Fare uno show in streaming ti dà una audience globale, spiega James, ma è un grande impegno. Il cambiamento non è mai gratuito. Costa soldi ed energie. Conoscenze vanno acquisite o acquistate. Siamo in bilico e che il mondo di prima torni com’era, con i suoi cinema e i teatri e i musei come li abbiamo sempre conosciuti, potrebbe essere una illusione da vendere sulle copertine dei giornali, niente più. Sembrerebbe una coincidenza quell’esposizione sull’Asmr, un tema, sottolinea il curatore, quanto mai attuale, perché il fenomeno, popolarissimo in Giappone e Corea come negli Stati Uniti e in Europa, è un surrogato dell’intimità, il riflesso di un isolamento che diventa la normalità. Raccontarlo è anche una ricerca su quello che siamo diventati, che stiamo diventando soprattutto quest’anno. E la domanda che segue è cosa succederà quando saremo nuovamente “non più da soli, ma in pubblico”. E da qui il discorso si riannoda a quello sul social VR, con una circolarità che in qualche modo lo sigilla.

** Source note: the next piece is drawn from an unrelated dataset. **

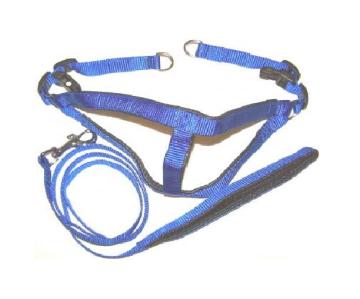 Pet Leash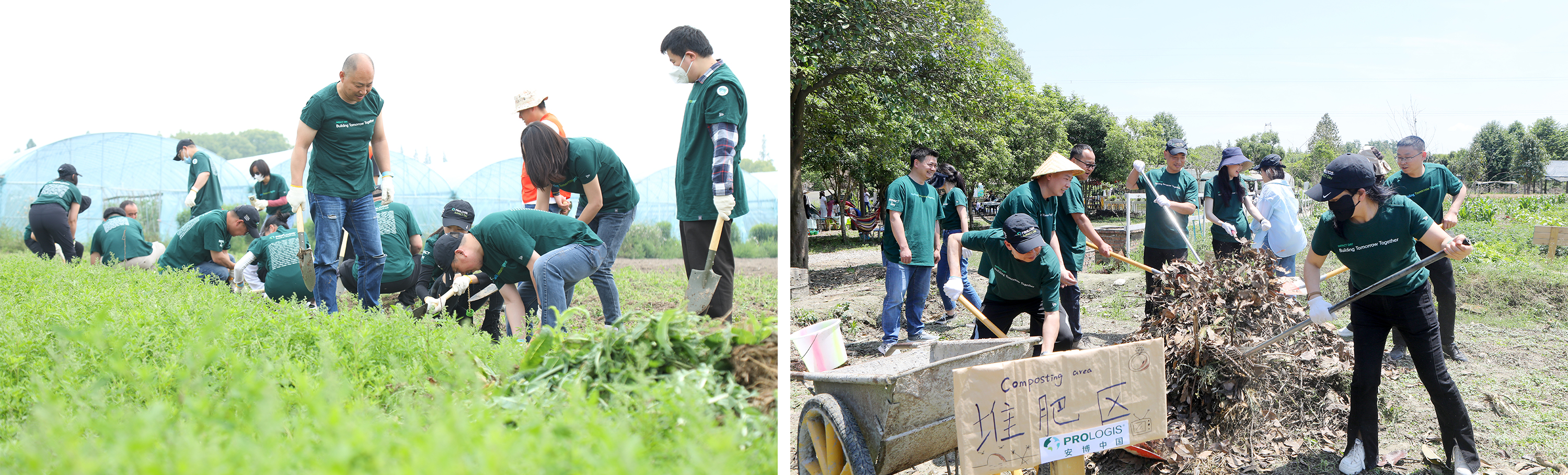 IMPACT Day.jpg IMPACT Day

Intanto, fuori da Vurma si è creata una piccola coda. Le persone entrano una alla volta, al massimo in due, prendono un caffè e magari un piccolo dolce, escono. “Da qui”, osserva con curiosità James, “è difficile capire come siano le cose fuori, come sia il mondo in lockdown”. Per chi vive in Svezia l’eccezione siamo noi, non loro. Improvvisamente realizzo che per me la mascherina è stata un po’ come un gesso che hai tenuto a lungo, all’inizio senza ti senti nudo e fragile, poi è come se non fosse mai successo niente. “Deve essere assurdo tutto questo, per te”, osserva James. E poi fa la domanda cruciale: “Qual è la tua sensazione qui?”

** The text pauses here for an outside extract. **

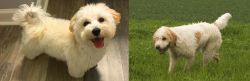 Maltipoo vs Briquet Griffon Vendeen - Breed Comparison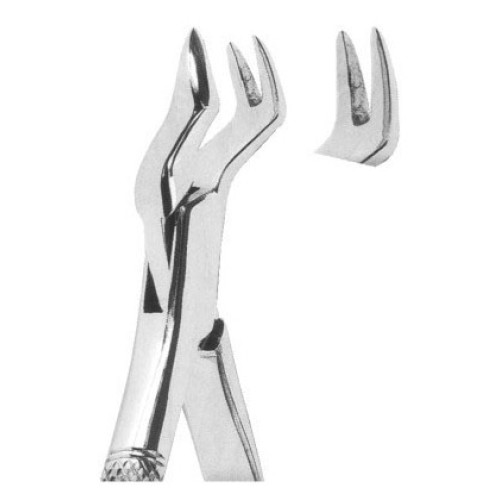 Extracting forceps American pattern Fig. 88L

Una nota: ho visitato Stoccolma tra il 4 e il 7 dicembre 2020, e questo articolo riflette ovviamsente la situazione che ho trovato. Con l'aggravarsi della situazione, l'avvicinarsi delle feste di natale e in conseguenza anche di un aggravarsi dei casi, menzionato nel testo, sono state prese misure maggiormente restrittive, che non contemplano comunque un lockdown.